A common misconception is that ISO 27001 is an IT-only affair. After all, we’re talking about information security. But ISO 27001 works precisely because it refuses to let information security get trapped in the IT silo. To earn certification, an organization has to spell out how each role participates in safeguarding information not by assumption, not by tradition, but in writing. Below are three concrete ways to anchor those roles and responsibilities in your organization.
Of course, IT professionals still shoulder much of the operational weight here. In large organizations, you may see a clean split between the person responsible for the technical security stack and the one charged with risk management. That division of labor is normal, and often necessary.
ISO 27001 doesn’t just want leadership to “support” the program in the vague sense. It expects senior leadership to be visibly involved. At minimum, leaders should take responsibility for approving the security policies required for compliance. They’re also in the best position to champion cybersecurity training and ensure everyone completes it.
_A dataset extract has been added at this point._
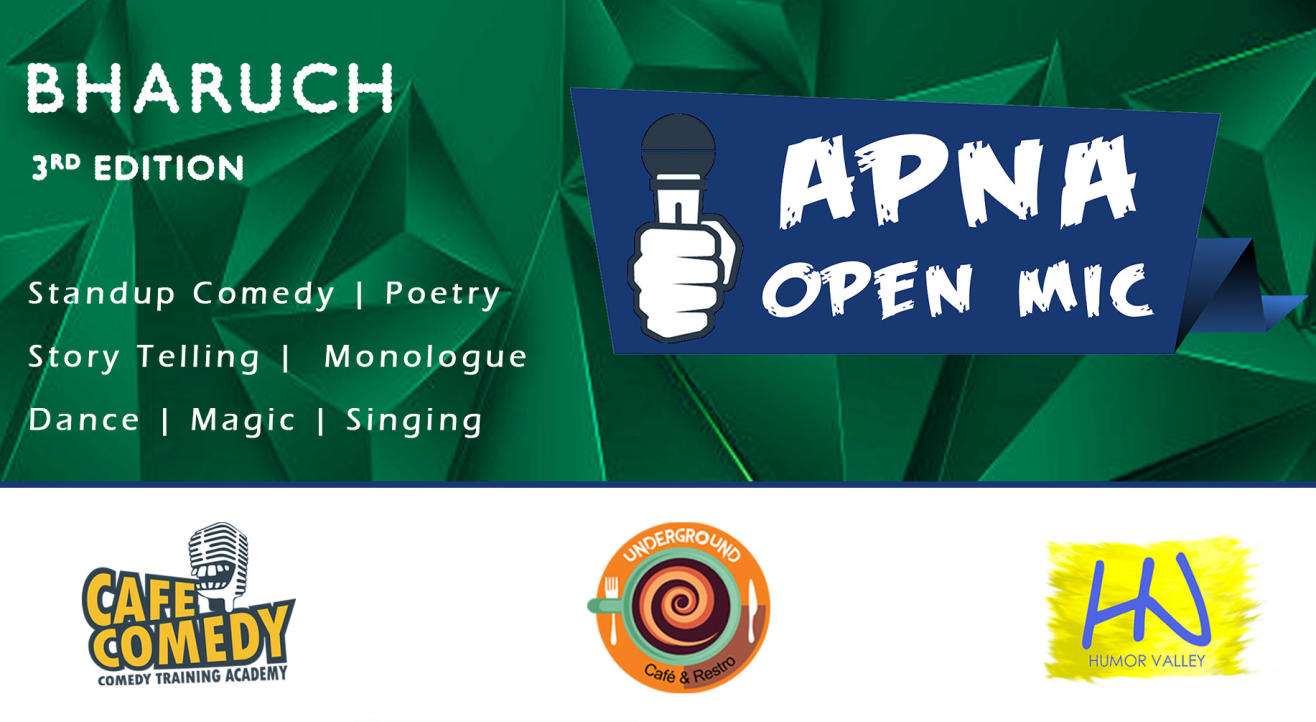 Apna Open Mic (Bharuch - 5th Edition)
Resource management typically lands here as well—making sure people have what they need to secure information competently.
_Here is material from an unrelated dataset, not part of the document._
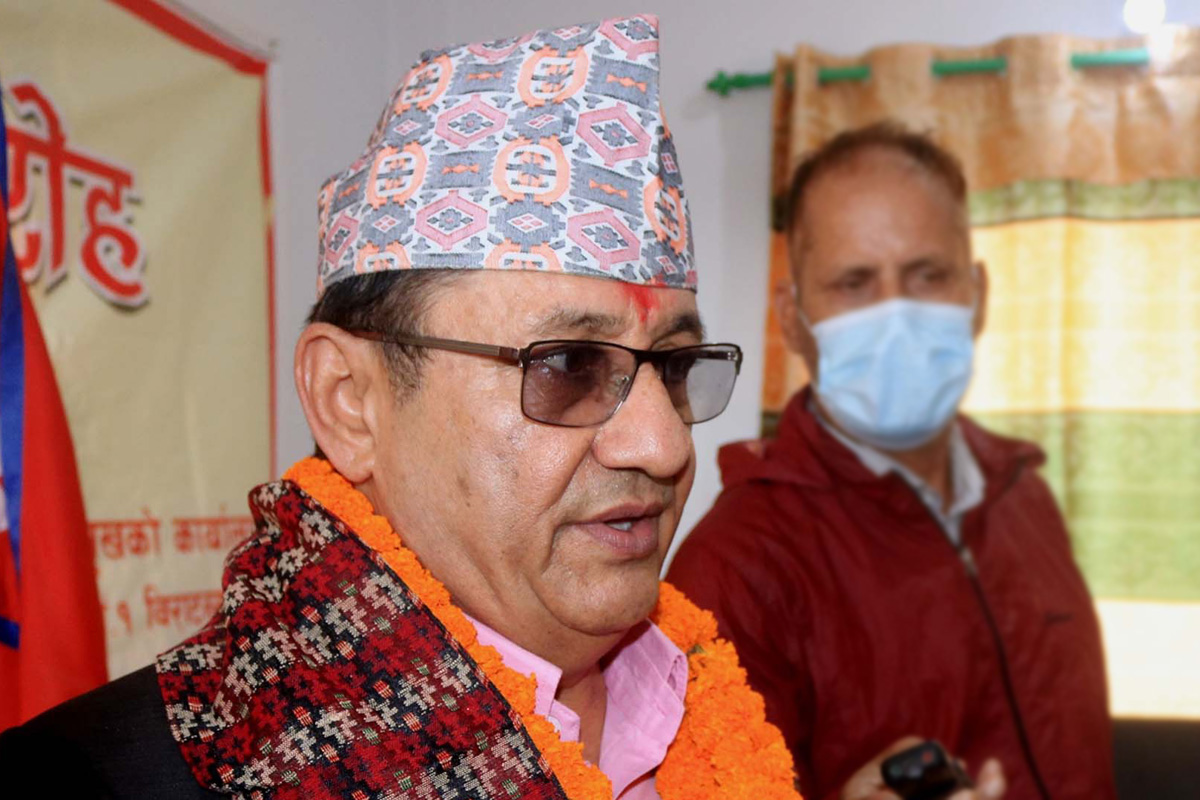 प्रदेश–१ का मुख्यमन्त्री आचार्यले राजीनामा दिए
In smaller organizations, the line between leadership responsibilities and IT responsibilities can blur. If you have a single IT manager, leadership may need to play a supporting or oversight role in day-to-day security tasks. That dynamic tends to disappear in larger companies where duties can be distributed more formally.
Human Resources can play a major part in the compliance effort—again, depending on how large the HR function is. HR is often responsible for ensuring new hires receive the required cybersecurity training, managing or coordinating access control, and conducting background checks. These are not optional niceties; they are structural pieces of ISO 27001’s personnel controls.
As with your security policies, the final and most critical step is to document these roles and responsibilities, then make sure everyone understands their part. Roles should be defined by the position—not by the person currently sitting in that position. When people come and go, the responsibilities should remain constant. If they don’t, your ISMS will drift.